Aujourd’hui, c’est avant tout dynamiser les introductions en Bourse. Lorsque je vais à Londres lors de notre roadshow annuel le Morocco Capital Markets Days, les investisseurs étrangers me disent «ne venez plus nous dire, investissez au Maroc, nous sommes convaincus de la pertinence de cela, mais dites-nous plutôt comment. Parfois, une Société de Bourse m’appelle pour m’informer qu’un bloc de titres vient de se libérer, et je n’ai même pas encore ouvert mon Excel, que le bloc en question a déjà été acheté par un autre investisseur». C’est pourquoi, aujourd’hui, il faut être parfaitement conscient que l’entreprise marocaine doit, beaucoup plus, se financer par la Bourse, et pas seulement pour notre bien, mais pour le bien de tous, l’entreprise incluse. Beaucoup de gens pensent que la Bourse n’est faite que pour les grandes entreprises, les élites. Cela est totalement faux.
La Bourse est un marché utile et accessible qui dispose d’une capacité énorme de mobilisation de fonds pour toute entreprise qui souhaite financer ses projets de croissance. La Bourse apporte de vraies réponses aux entreprises en termes de financement. Et c’est pour expliquer ces avantages aux chefs d’entreprise que nous avons multiplié les événements, notamment une campagne IPO que nous menons depuis près de 3 ans auprès des entreprises dans tout le Maroc.

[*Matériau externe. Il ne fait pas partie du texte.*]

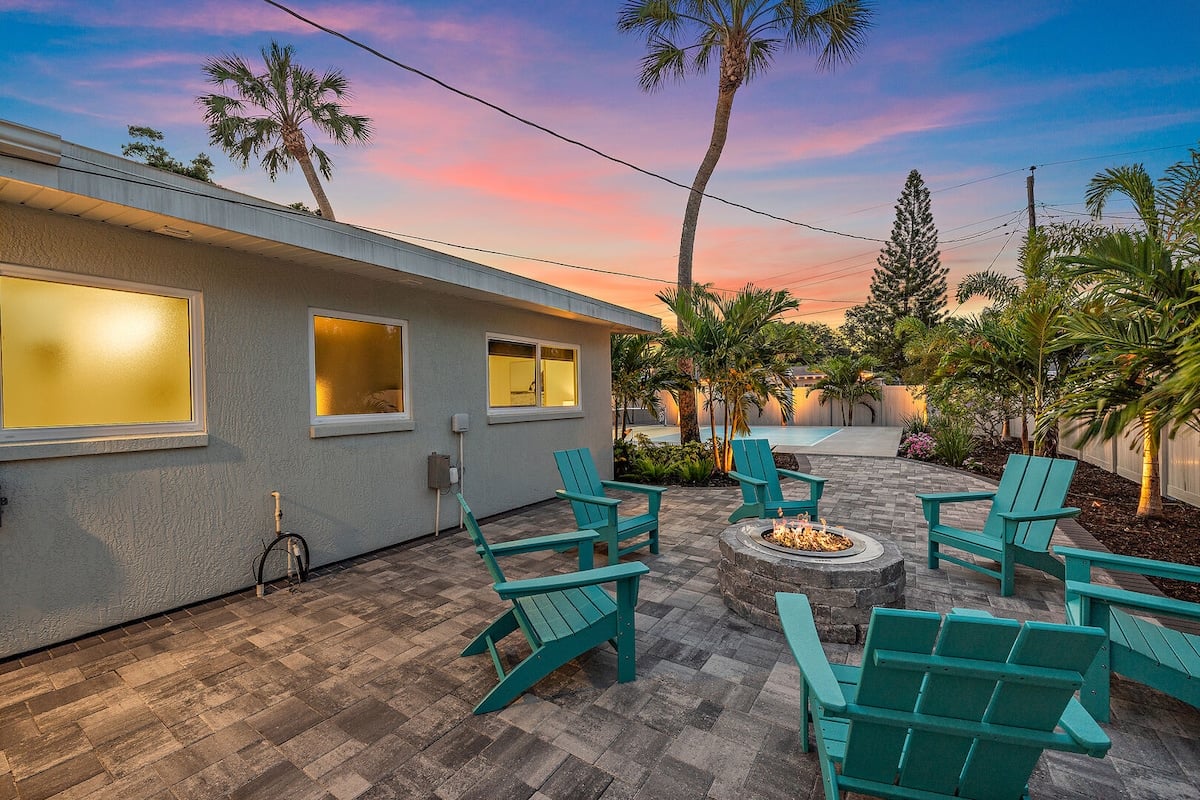 Where lazy afternoons turn competitive and evenings gather around the fire in Sarasota, FL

En 2023, nous avons signé avec la CGEM et avec l’appui de l’AMMC une feuille de route qui a été élaborée avec une approche consultative et fédératrice de l’écosystème liée à l’entreprise et son financement. Cette feuille de route repose sur 4 principaux piliers de développement pour l’entreprise, dont le soutien institutionnel, le développement du cadre incitatif, l’accompagnement des entreprises privées et publiques et le déploiement d’actions de communication pour une meilleure visibilité du marché.
Nous avons également initié avec la CGEM et l’appui de l’AMMC la création de l’Association des entreprises faisant appel public à l’épargne (APE). Je tiens à ce propos, à remercier l’ensemble de notre écosystème qui soutient nos projets et s’engage avec nous pour la dynamisation du marché boursier. Je souhaite également souligner qu’il est nécessaire que l’ensemble des parties prenantes du marché et notamment l’État prennent pleine conscience de l’importance de la Bourse et du rôle encore plus efficient qu’elle pourrait jouer pour l’économie de notre pays. Aussi, le focus est aujourd’hui très clair : il faut, avant tout, que les chefs d’entreprise utilisent la Bourse comme levier de financement pour une croissance durable et inclusive.

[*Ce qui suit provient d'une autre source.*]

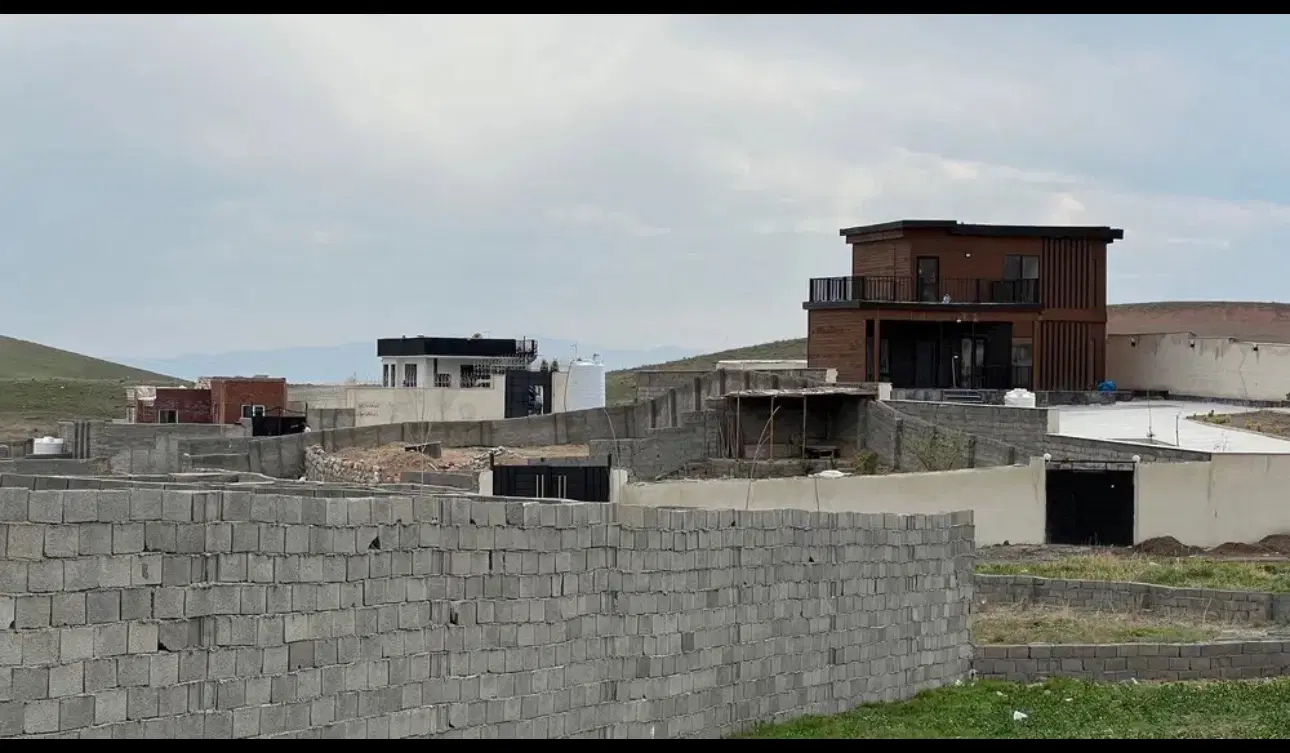 زمین کوشک زر تهاتر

Justement, avez-vous un réservoir, des sociétés que vous lorgnez, dont vous pensez qu’elles vont venir en Bourse. Est-ce que vous les avez déterminées, en avez-vous 10, 15, 100 ?

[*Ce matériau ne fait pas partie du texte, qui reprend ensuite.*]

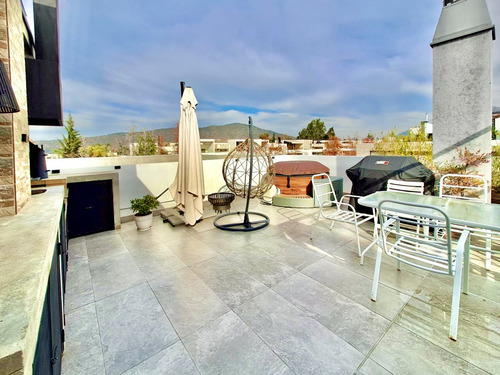 Amplio Y Luminoso, Gran Quincho En Rooftop Privado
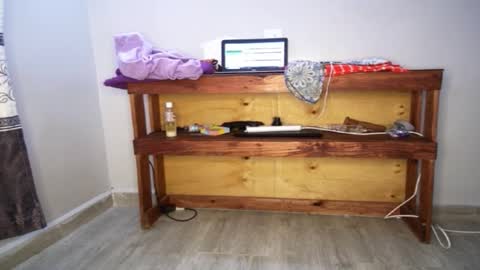 Nina online show from September 30, 2025, 2:33 pm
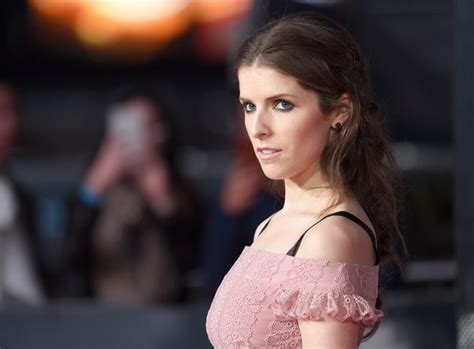 anna kendrick tried to high five a guy after he gave her an orgasm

Il y a des entreprises qui souhaitent réellement s’introduire en Bourse. Par exemple, nous avons organisé il y a quelques jours, un workshop restreint entre des chefs d’entreprise et avec M. Adil Douiri, en tant que représentant de CFG Bank (ndlr : la toute dernière entreprise introduite en Bourse en décembre 2023) et qui a une expérience probante à partager sur le sujet Bourse et entreprise. Nous avons constaté beaucoup d’engouement de la part des participants qui ont abordé des questions très techniques.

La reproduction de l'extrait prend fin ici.